How Generative AI is Shortening the Path to Expertise

A Deep Dive with Gene Hwang, Researcher at The Multiverse School

Sep 10, 2024

Curious about AI research at The Multiverse School?

Join Gene Hwang — Multiverse Researcher and Student — as we explore the rapid evolution of Generative AI, from the release of ChatGPT-3.5 to the recent announcement of OpenAI's reasoning engine known as Project Strawberry.

We'll explore the current landscape of frontier model capabilities and discuss the real-world challenges of prompt engineering, agentic frameworks, and ops tooling.

Overcoming Imposter Syndrome

When Gene joined The Multiverse School last year, they had some brief experience with ChatGPT as an end-user, and a rudimentary understanding of Python for Data Analysis. Reflecting on their own journey, they shared how they initially felt overwhelmed coming from a public health background with only basic familiarity in tools like Python and SQL.

“A big blocker for a while was just believing that I couldn't code,” they admitted.

For many, one of the biggest challenges for newcomers to AI is overcoming the mental barrier that advanced generative AI is reserved only for the most technically proficient.

However, by using resources like ChatGPT to clarify unfamiliar terms and concepts, Gene found a way to self-tutor effectively. Combined with structured learning at The Multiverse School, they progressed from a programming novice to conducting research on agentic capabilities in only a year.

LLMs: Then vs. Now

Gene started taking classes at The Multiverse just a couple months after the release of the last generation of frontier models: GPT-3.5 Turbo, Claude 3 Opus, and Gemini 1.0 Pro.

Scatter plot showing the upward trend of Quality vs. Price Per 1 million tokens, comparing last-generation and current-generation large language models. The data was collected from https://artificialanalysis.ai/leaderboards/models — As large language models improve, so does the cost of inference.

They spent much of their time learning about and working around the limitations of these models, namely that the smaller context window (16k tokens for GPT-3.5 Turbo as opposed to 128k for GPT-4o) meant that complex prompts had to be broken down into smaller, more condensed versions that generated less complete answers and had higher rates of hallucinations than the best models available today.

Gene treated these limitations not as setbacks, but instead turned them into a rigorous training ground to optimize their prompts by emulating human cognitive processes.

Agent Engineering

Gene spent 2024 running local models and using agentic frameworks, pushing and prodding to find the boundaries of AI’s capabilities.

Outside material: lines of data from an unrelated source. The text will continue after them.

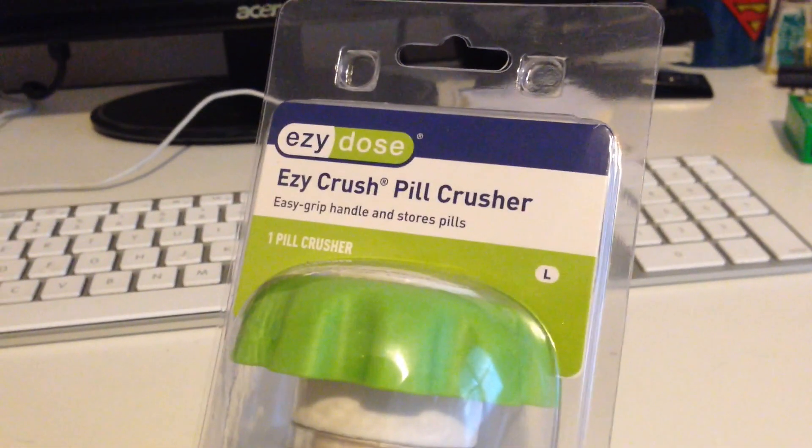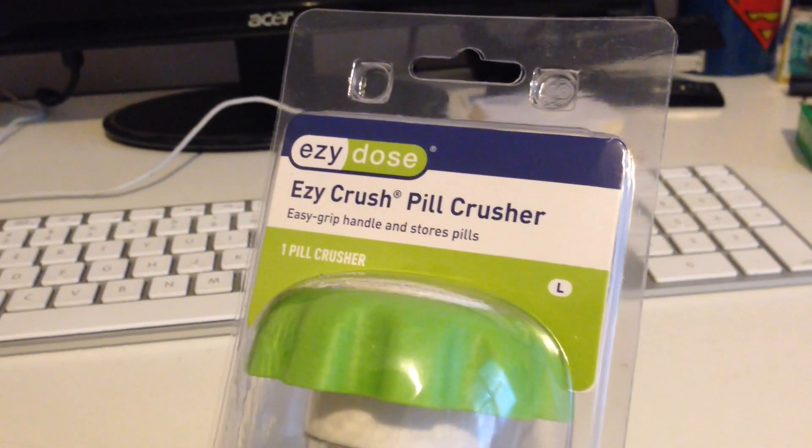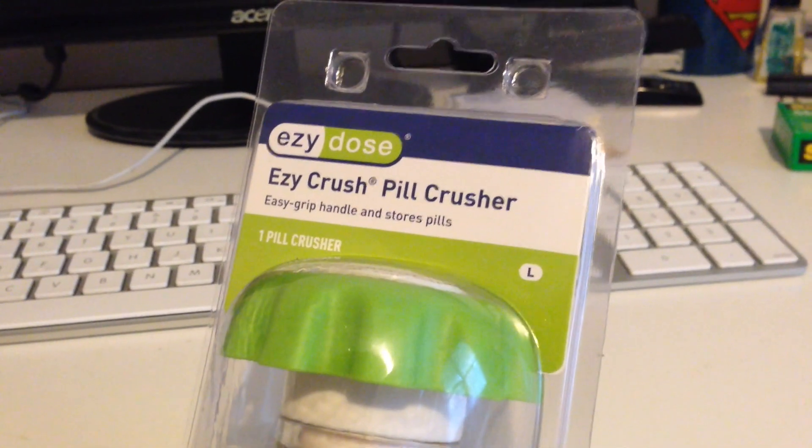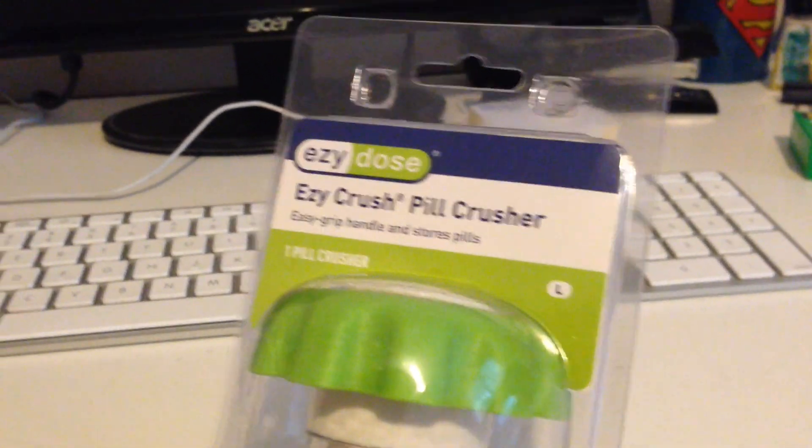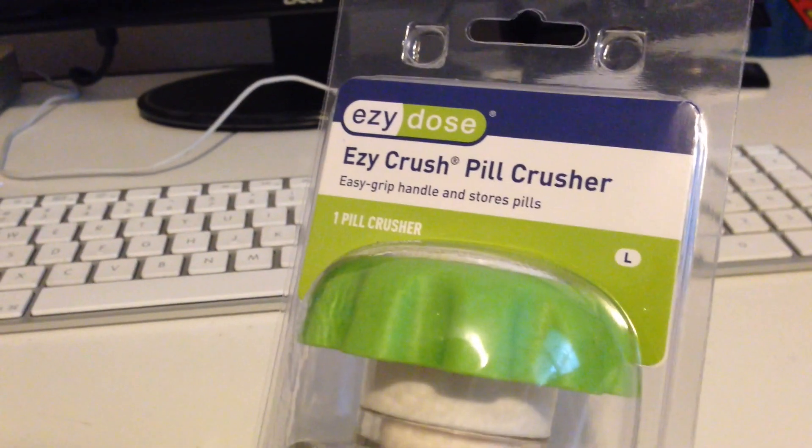I take medication for high blood pressure and a lot of the pills that I take are sometimes a little too big for me to swallow. Like here's an example right here.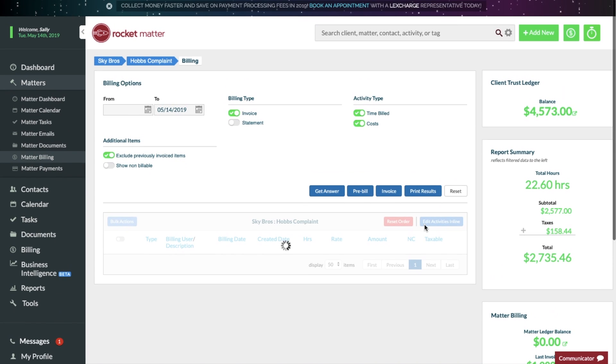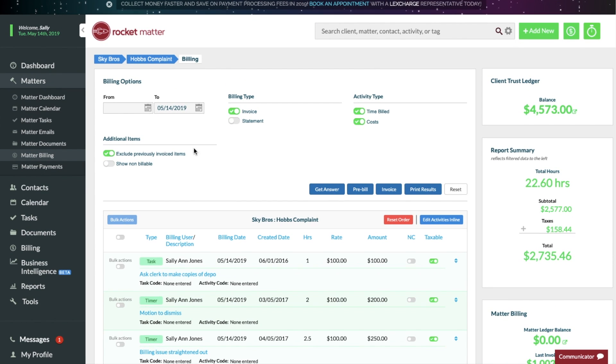Running an invoice in Rocket Matter is easy. You can select your date range and additional options, including activity types.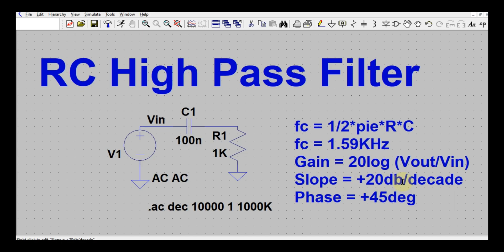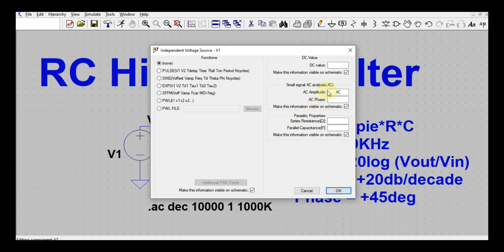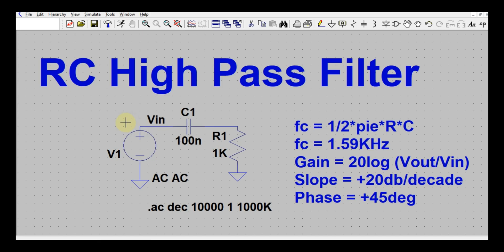Before running the simulation, let me show you how to set up AC analysis. Right-click on V1, the voltage source. Instead of writing an amplitude value like 3V or 5V peak-to-peak, write 'AC' here. For small signal AC analysis you need to use dot AC analysis, so make sure 'AC' is written there, make the information visible, and click OK. Then click the Run button.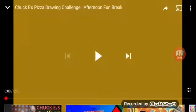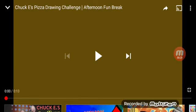But today, Chuck E. Cheese did another afternoon fun break. Another short one this time. This is Chuck E.'s Pizza Drawing Challenge. This is from Afternoon Fun Break. It's actually a pizza drawing challenge, but it's called Chuck E.'s Pizza Drawing Challenge.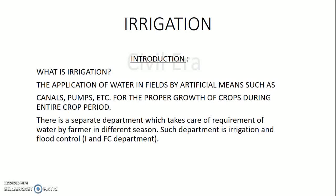There is a separate government department which takes care of the requirement of water by farmers in different seasons. This department is the Irrigation and Flood Control Department, that is the I and FC Department. The main function of this department is to design canals and other artificial means by which the required discharge can be ensured during the entire crop period. Irrigation has some advantages as well as some disadvantages.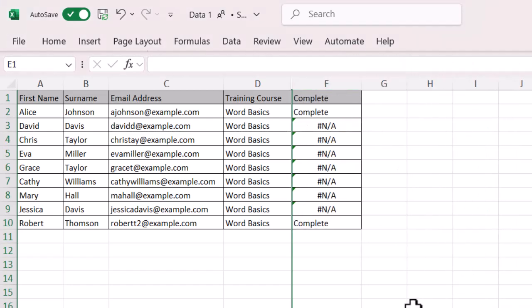But you'll notice that I've got errors, and that's because it's not finding that data. So even though David Davis might be on my data, he might not have done Word Basics. He might have done another thing. So I want to clean it up and make it look a lot nicer. And I really just want it to be a blank when it doesn't bring back any information. And again, there's a really quick way that you can go ahead and you can do this by using an IFERROR.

They spent hours refining models, tweaking parameters, and gaining a comprehensive understanding of the way LLMs process tokens and generate output. Tools like Oobabooga allowed them to test various models in the cloud without needing a powerful GPU or paying for compute, and libraries like Microsoft’s Autogen made it possible for multiple agents to talk with each other in what is known as an Agent Swarm.

Multi-agent systems are not a new paradigm in software engineering. However, agent swarms provide a groundbreaking way for different models to collaborate, compete, and complement each other to extend the utility one can get out of language models.

Take the Actor-Critic Model, for example, where one agent performs the task specified in your prompt and the other agent acts as a critic, identifying where the response is lacking or misrepresenting key information. The agents can pass their own responses back to one another, iterating on this cycle until you are satisfied with the quality and accuracy of the information, asking you for input whenever necessary to make better decisions with more context. A baseline understanding of Complex Adaptive Systems is very helpful to understand and characterize the emergent properties of agentic behavior, so that you can design better agents and adjust your strategies effectively.

Poring through documentation and learning about complex systems proved immensely helpful in Gene’s learning, but real breakthroughs came from research and insights posted by AI Engineers on Twitter/X. As the de facto place for software engineers and cybersecurity professionals to share their work with the world, Gene was able to build a network of people sharing academic research on AI, discussing their positive and negative experience with certain tools and frameworks, and highlighting their own work at the forefront of the field.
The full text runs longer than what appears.